**Work order**
Word for word, repeat everything in the records below except the pictures.

**Provided material**
--- --- ---
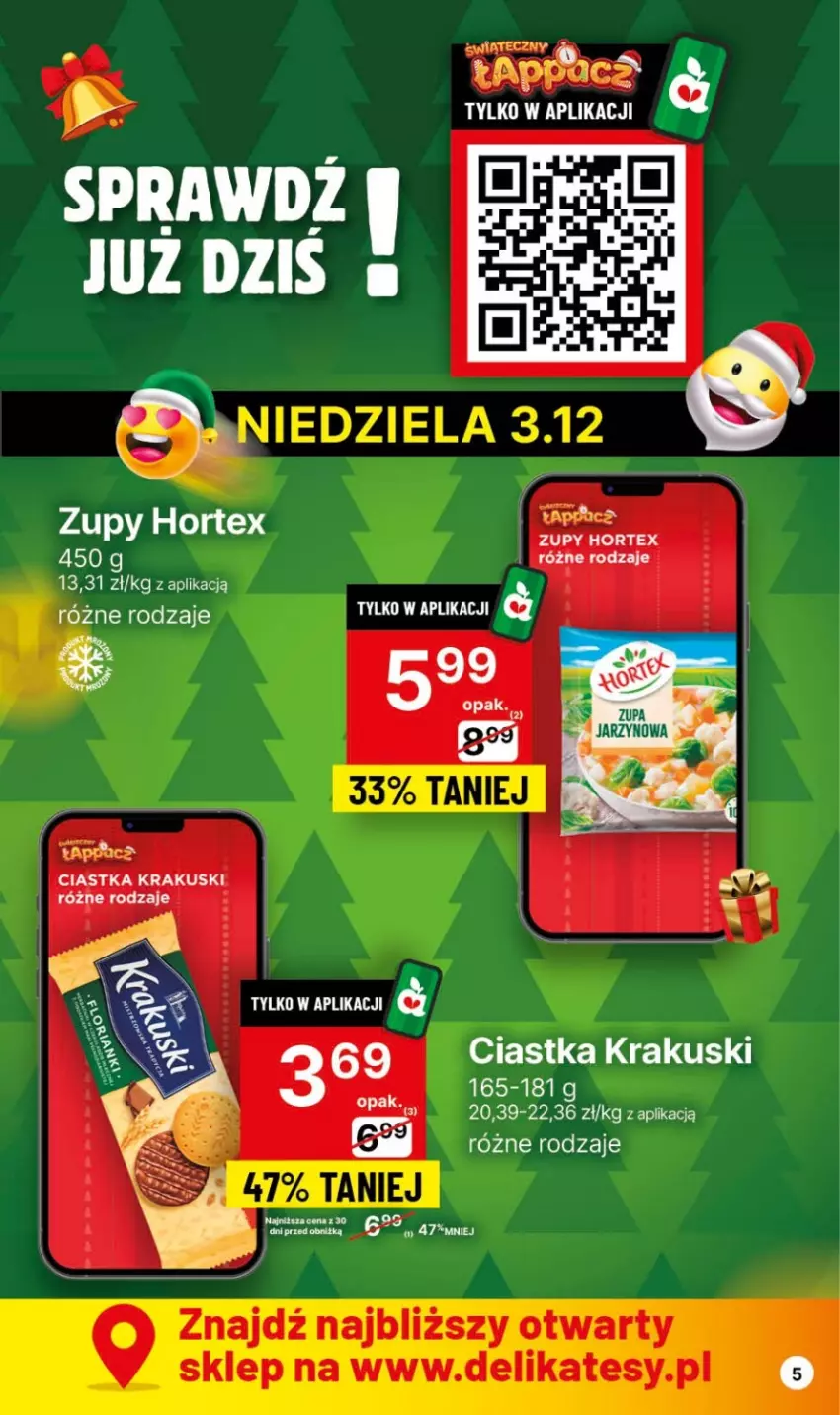 Gazetka promocyjna Delikatesy Centrum - Dyskontowe ceny w Delikatesach Centrum - ważna 30.11 do 06.12.2023 - strona 5 - produkty: Ciastka, Fa, Hortex, Krakus, Krakuski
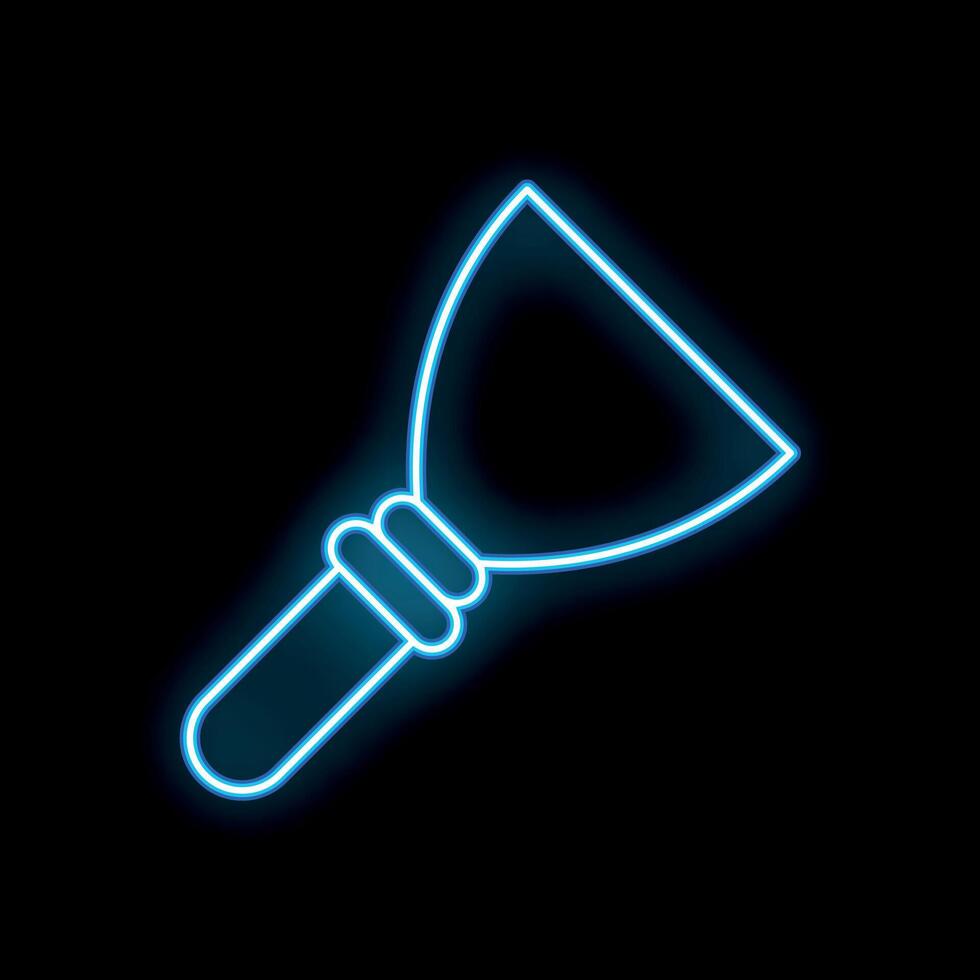 Blue neon putty knife glowing on black background vector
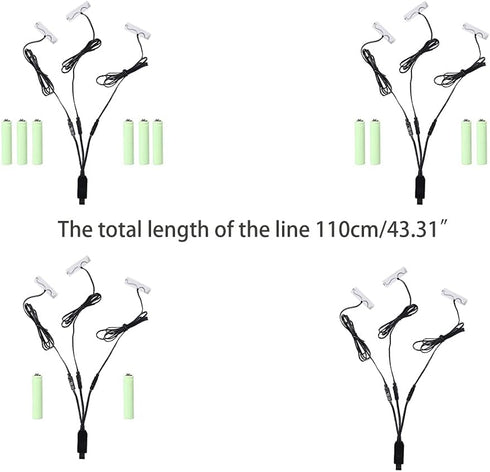 JONbinbkl 3in1 1-4pcs1.5V AA Batteries Eliminators USB Power Supply Replace AA Batteries for Clock Toys Holiday Lights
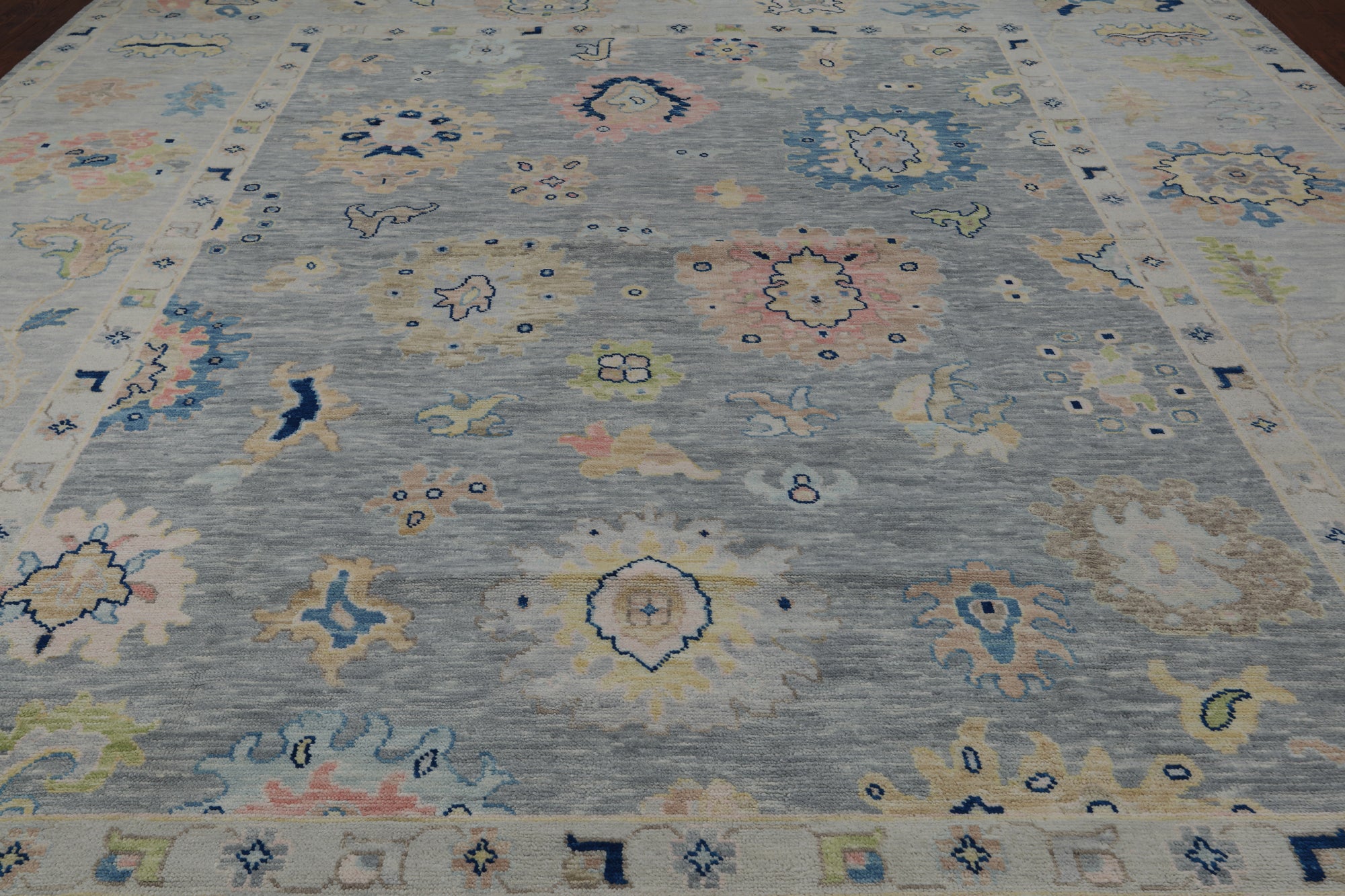 SUPER SALE Silver Persian Sultanabad Hand Knotted Wool Rug - 12' 1" X 14' 9"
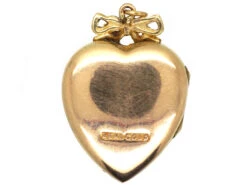 Edwardian 9ct Gold Heart Locket Set With A Rose Diamond 11 Edwardian 9ct Gold Heart Locket Set With A Rose Diamond -Antique Jewellery Company DSC042541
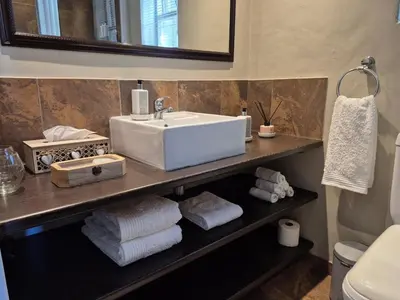 a bathroom with a sink and towels on a shelf at Mistys Studio Durbanville in Durbanville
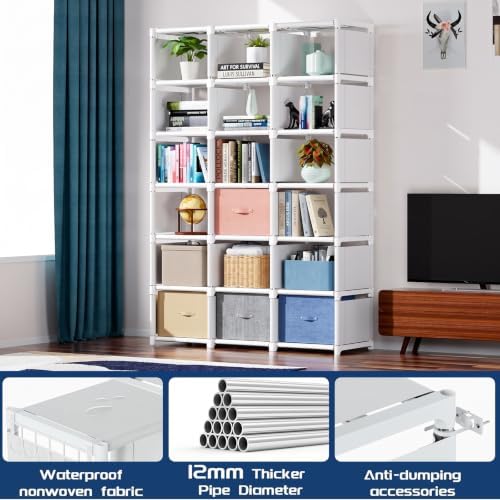18 Cube Storage Organizer Closet, Metal Book Shelf - Image 4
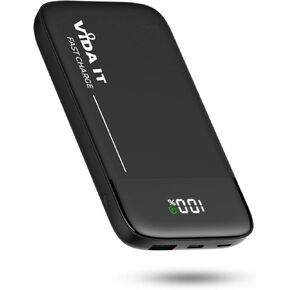Vida IT Long Lasting Power Bank Battery Pack for Heated Jacket Vest Scarf Coat 10000mAh DC USB Portable Charger for iPhone Samsung Phones with LED Display 22.5W Ultra Fast Charging USB-C Power Pack
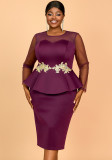Plus Size See Through Long Sleeve Ruffle Bodycon Dress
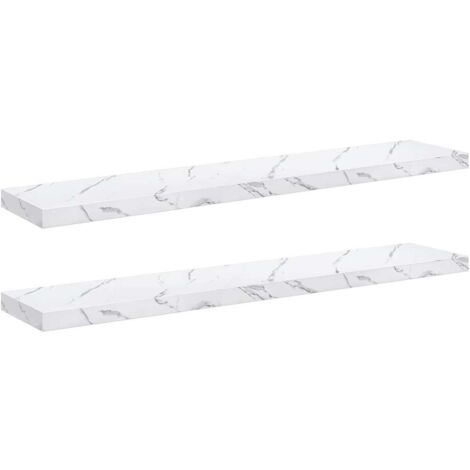 Estante de pared 2 pcs Mármol 120 x 23,5 x 4 cm vidaXL (1/5)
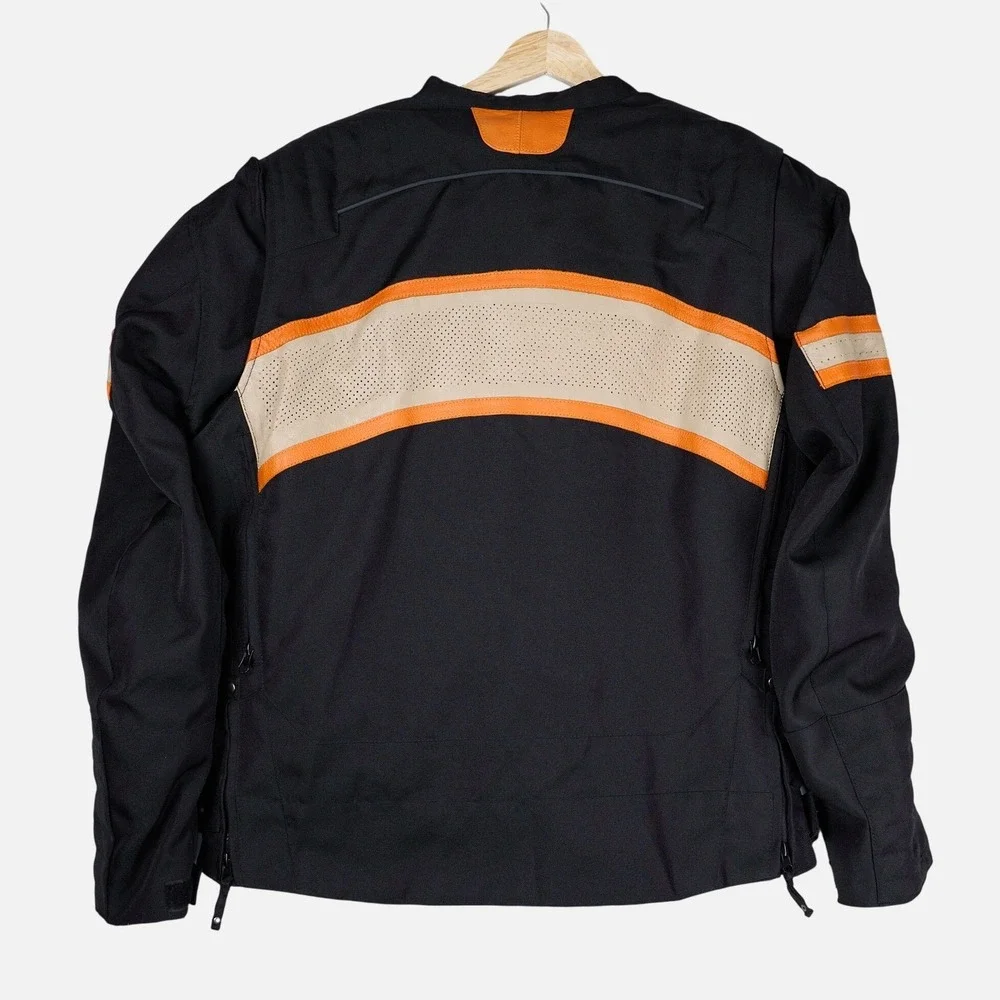 Speed and Strength Motorcycle Jacket Mens Black Orange Leather Trim Large L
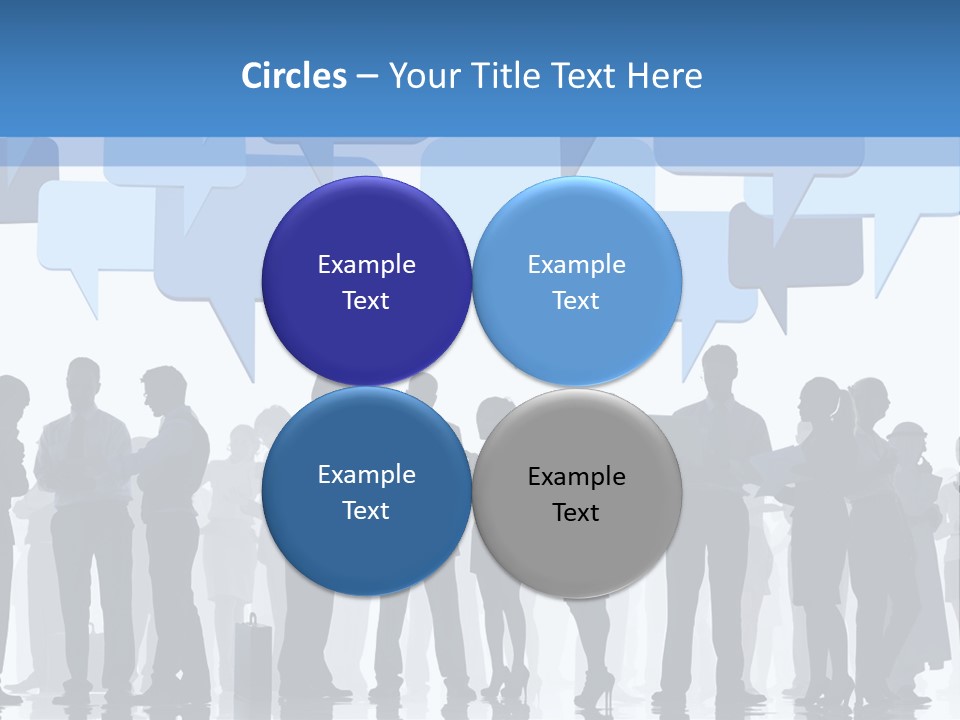 A Group Of People Standing In Front Of Speech Bubbles PowerPoint Template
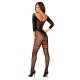 Сітчастий бодістокінг з імітацією підв’язок Obsessive Bodystocking G329 S/M/L, black, з доступом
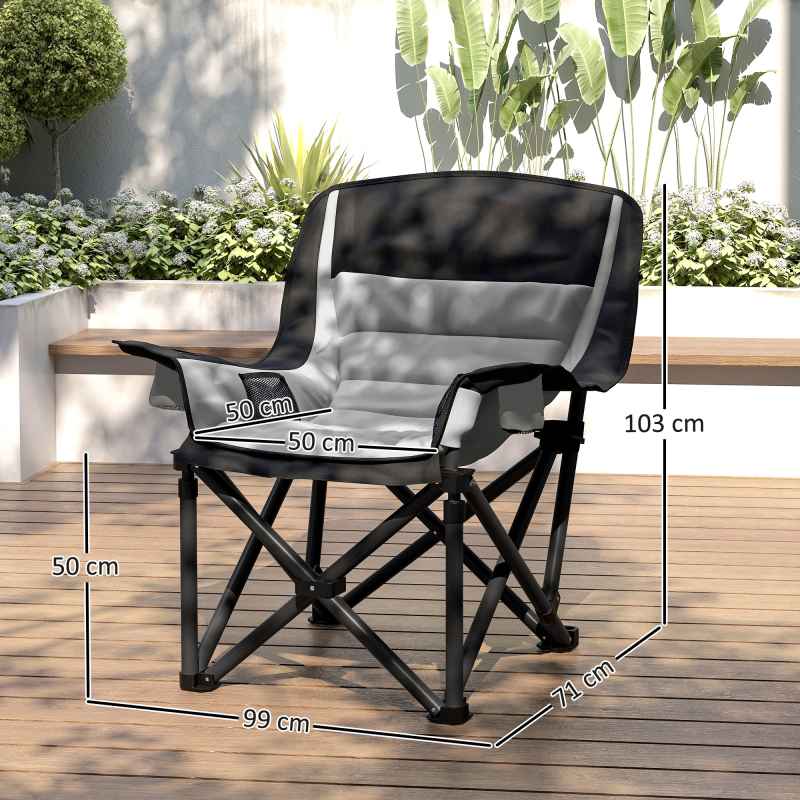 Outsunny Folding Camping Chair for Adults, Portable Padded Folding Chair with Cup Holders, Side Pockets and Carry bag for Picnic, Hiking, Fishing, Grey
--- --- ---
**Your solution**
 Gazetka promocyjna Delikatesy Centrum - Dyskontowe ceny w Delikatesach Centrum - ważna 30.11 do 06.12.2023 - strona 5 - produkty: Ciastka, Fa, Hortex, Krakus, Krakuski
 Blue neon putty knife glowing on black background vector
 JONbinbkl 3in1 1-4pcs1.5V AA Batteries Eliminators USB Power Supply Replace AA Batteries for Clock Toys Holiday Lights
 SUPER SALE Silver Persian Sultanabad Hand Knotted Wool Rug - 12' 1" X 14' 9"
 Edwardian 9ct Gold Heart Locket Set With A Rose Diamond 11 Edwardian 9ct Gold Heart Locket Set With A Rose Diamond -Antique Jewellery Company DSC042541
 a bathroom with a sink and towels on a shelf at Mistys Studio Durbanville in Durbanville
18 Cube Storage Organizer Closet, Metal Book Shelf - Image 4
Vida IT Long Lasting Power Bank Battery Pack for Heated Jacket Vest Scarf Coat 10000mAh DC USB Portable Charger for iPhone Samsung Phones with LED Display 22.5W Ultra Fast Charging USB-C Power Pack
Plus Size See Through Long Sleeve Ruffle Bodycon Dress
 Estante de pared 2 pcs Mármol 120 x 23,5 x 4 cm vidaXL (1/5)
 Speed and Strength Motorcycle Jacket Mens Black Orange Leather Trim Large L
 A Group Of People Standing In Front Of Speech Bubbles PowerPoint Template
 Сітчастий бодістокінг з імітацією підв’язок Obsessive Bodystocking G329 S/M/L, black, з доступом
 Outsunny Folding Camping Chair for Adults, Portable Padded Folding Chair with Cup Holders, Side Pockets and Carry bag for Picnic, Hiking, Fishing, Grey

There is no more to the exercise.